We’ll use the R function glmnet() [glmnet package] for computing penalized logistic regression.

The simplified format is as follow:

glmnet(x, y, family = "binomial", alpha = 1, lambda = NULL)
  • x: matrix of predictor variables
  • y: the response or outcome variable, which is a binary variable.
  • family: the response type. Use “binomial” for a binary outcome variable
  • alpha: the elasticnet mixing parameter. Allowed values include:
    • “1”: for lasso regression
    • “0”: for ridge regression
    • a value between 0 and 1 (say 0.3) for elastic net regression.
  • lamba: a numeric value defining the amount of shrinkage. Should be specify by analyst.

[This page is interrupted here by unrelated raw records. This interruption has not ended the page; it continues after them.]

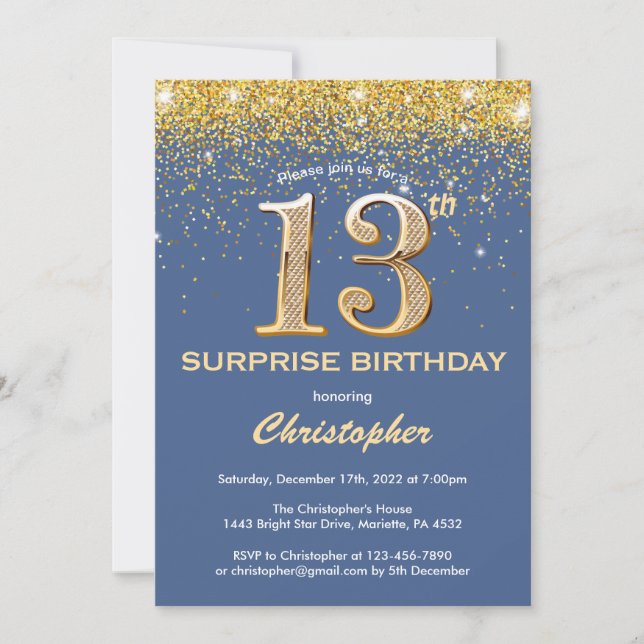 Surprise 13th Birthday Blue and Gold Glitter Invitation (Front)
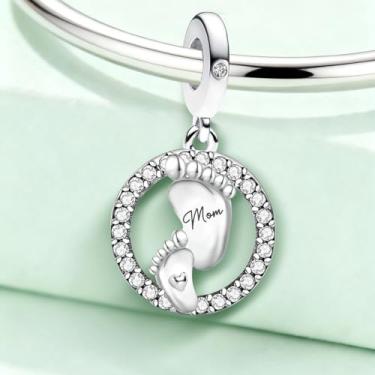 Imagem de 1 peça prata elegante pés redondos berloque contas adequadas para mulheres, faça você mesmo e roupa diária combinando joias decoração para mulheres presente para mãe, 11.31*23.02mm, Prata, Sem Pedra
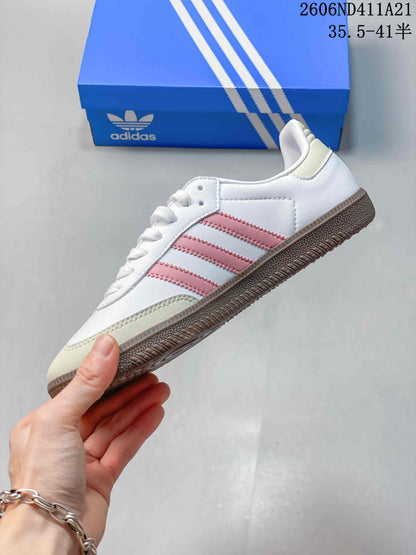 Adidas Samba Low-Top Sneakers in White and Pink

In penalized regression, you need to specify a constant lambda to adjust the amount of the coefficient shrinkage. The best lambda for your data, can be defined as the lambda that minimize the cross-validation prediction error rate. This can be determined automatically using the function cv.glmnet().

In the following R code, we’ll show how to compute lasso regression by specifying the option alpha = 1. You can also try the ridge regression, using alpha = 0, to see which is better for your data.

Quick start R code

Fit the lasso penalized regression model:

library(glmnet)
# Find the best lambda using cross-validation
set.seed(123) 
cv.lasso <- cv.glmnet(x, y, alpha = 1, family = "binomial")
# Fit the final model on the training data
model <- glmnet(x, y, alpha = 1, family = "binomial",
                lambda = cv.lasso$lambda.min)
# Display regression coefficients
coef(model)
# Make predictions on the test data
x.test <- model.matrix(diabetes ~., test.data)[,-1]
probabilities <- model %>% predict(newx = x.test)
predicted.classes <- ifelse(probabilities > 0.5, "pos", "neg")
# Model accuracy
observed.classes <- test.data$diabetes
mean(predicted.classes == observed.classes)

Compute lasso regression

Find the optimal value of lambda that minimizes the cross-validation error:

library(glmnet)
set.seed(123)
cv.lasso <- cv.glmnet(x, y, alpha = 1, family = "binomial")
plot(cv.lasso)

The plot displays the cross-validation error according to the log of lambda. The left dashed vertical line indicates that the log of the optimal value of lambda is approximately -5, which is the one that minimizes the prediction error. This lambda value will give the most accurate model. The exact value of lambda can be viewed as follow:

cv.lasso$lambda.min
## [1] 0.00871

Generally, the purpose of regularization is to balance accuracy and simplicity. This means, a model with the smallest number of predictors that also gives a good accuracy. To this end, the function cv.glmnet() finds also the value of lambda that gives the simplest model but also lies within one standard error of the optimal value of lambda. This value is called lambda.1se.

cv.lasso$lambda.1se
## [1] 0.0674

Using lambda.min as the best lambda, gives the following regression coefficients:

coef(cv.lasso, cv.lasso$lambda.min)
## 9 x 1 sparse Matrix of class "dgCMatrix"
##                     1
## (Intercept) -8.615615
## pregnant     0.035076
## glucose      0.036916
## pressure     .       
## triceps      0.016484
## insulin     -0.000392
## mass         0.030485
## pedigree     0.785506
## age          0.036265

From the output above, only the viable triceps has a coefficient exactly equal to zero.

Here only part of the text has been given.